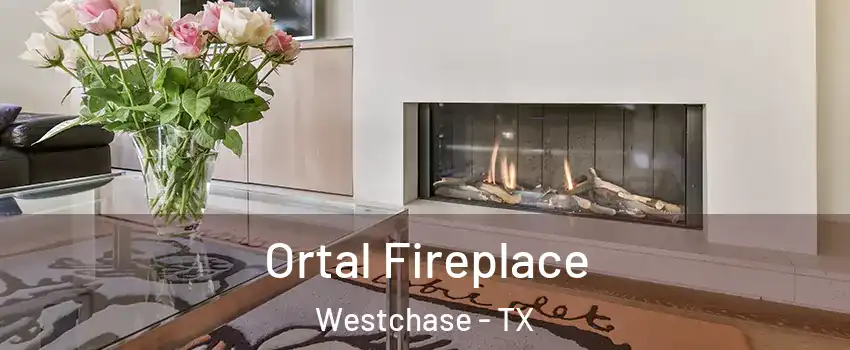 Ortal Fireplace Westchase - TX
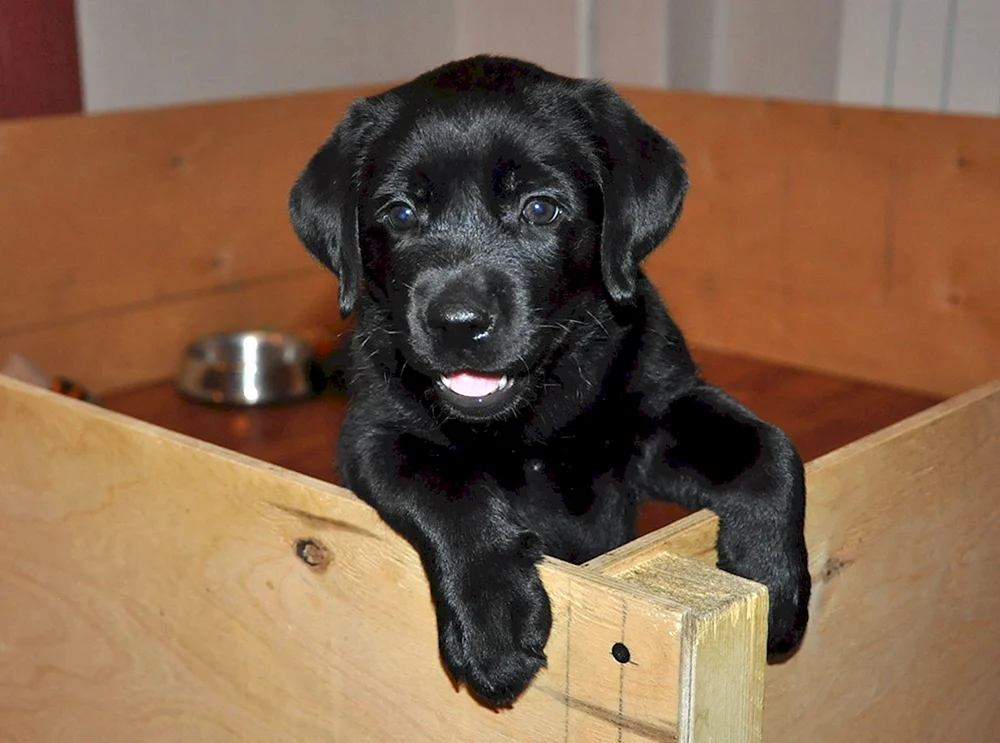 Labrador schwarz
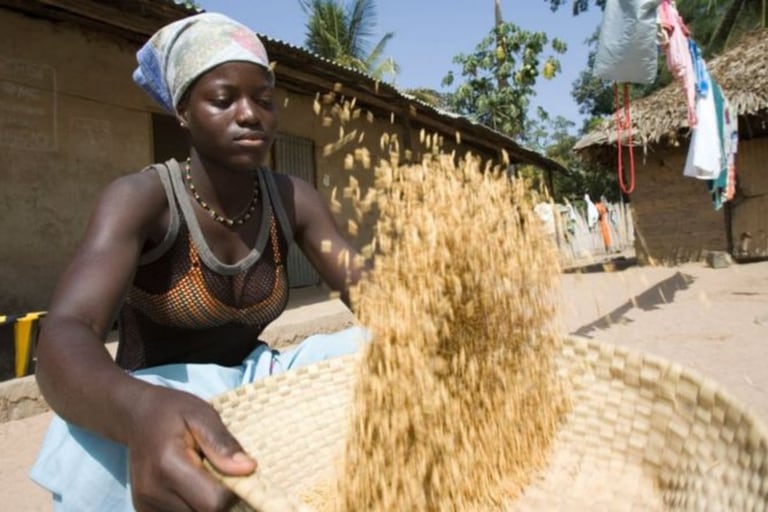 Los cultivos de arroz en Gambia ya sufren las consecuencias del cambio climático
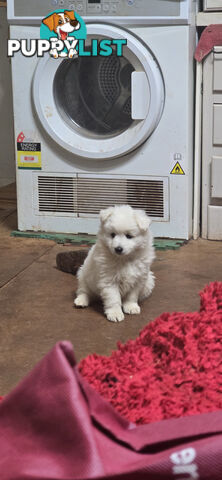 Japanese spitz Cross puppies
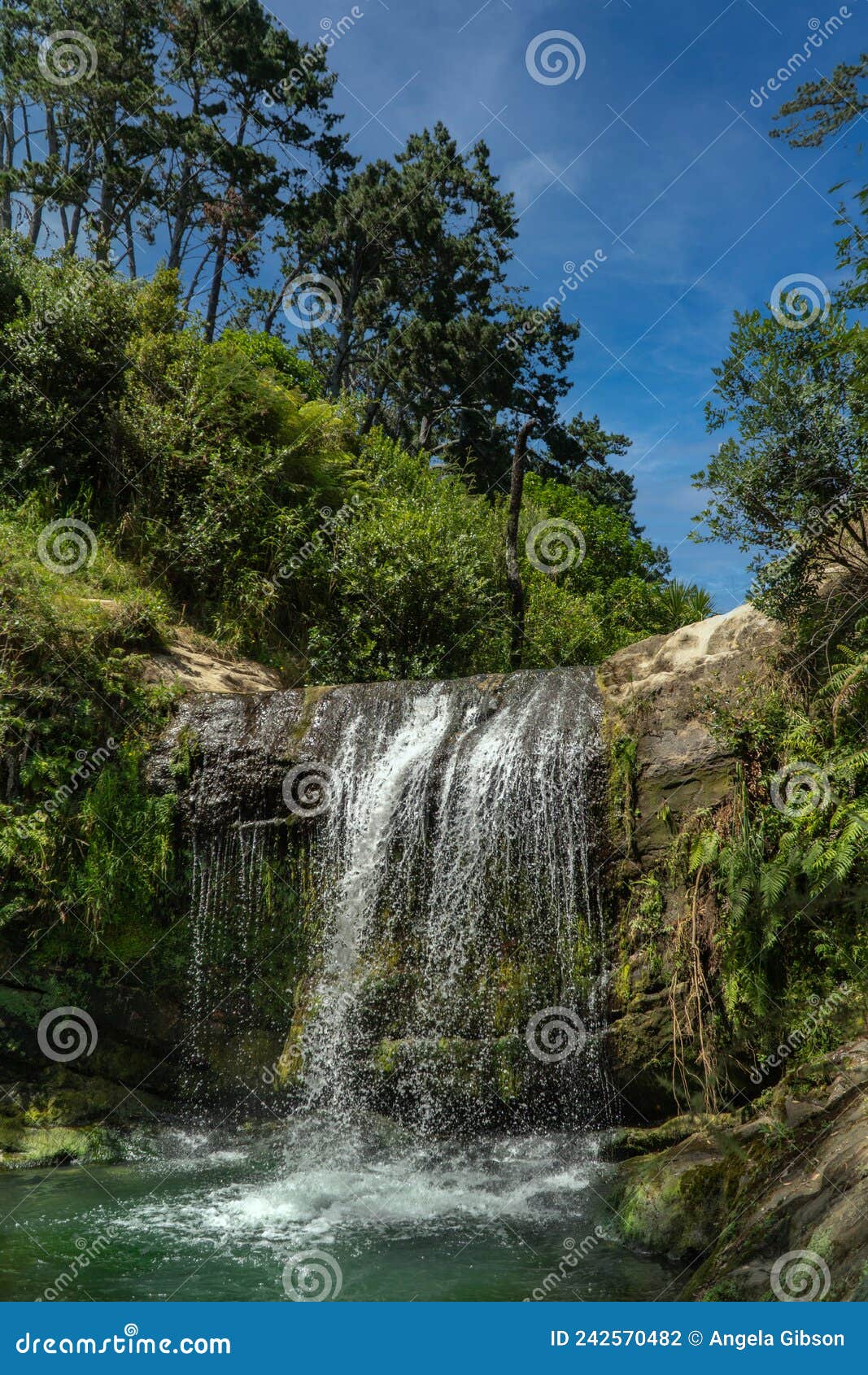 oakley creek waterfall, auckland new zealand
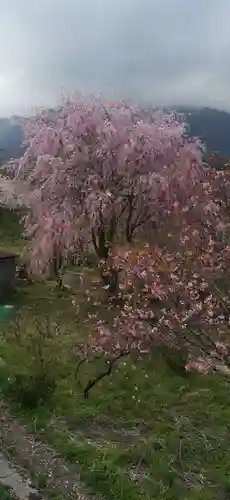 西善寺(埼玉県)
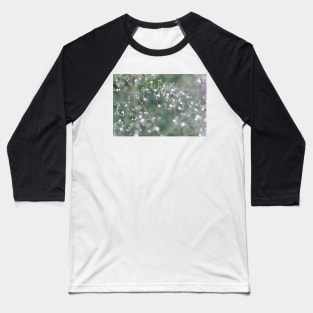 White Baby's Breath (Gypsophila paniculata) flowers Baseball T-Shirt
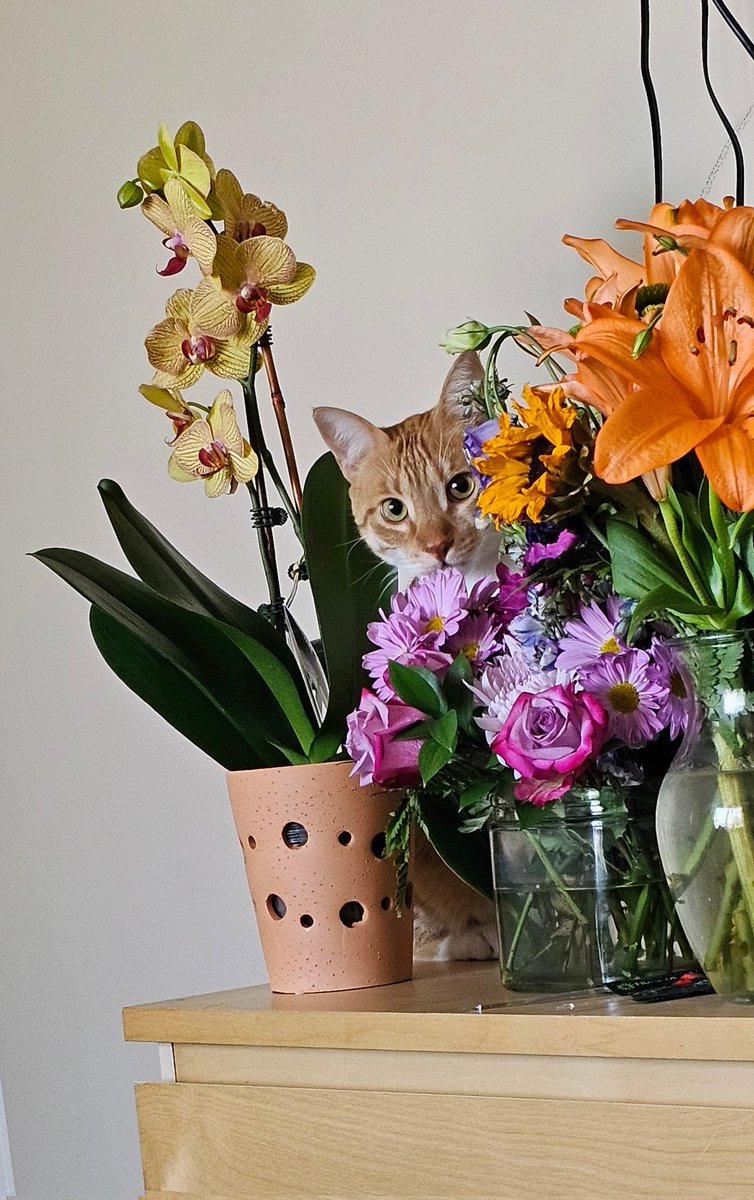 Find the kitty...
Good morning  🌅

- **BRIEF**:
Restate the material above word for word, dropping the pictures.

- **SOLUTION TO THIS EXERCISE**:
 Ortal Fireplace Westchase - TX
 Labrador schwarz
 Los cultivos de arroz en Gambia ya sufren las consecuencias del cambio climático
 Japanese spitz Cross puppies
 oakley creek waterfall, auckland new zealand
 西善寺(埼玉県)
 White Baby's Breath (Gypsophila paniculata) flowers Baseball T-Shirt
 Find the kitty...
Good morning  🌅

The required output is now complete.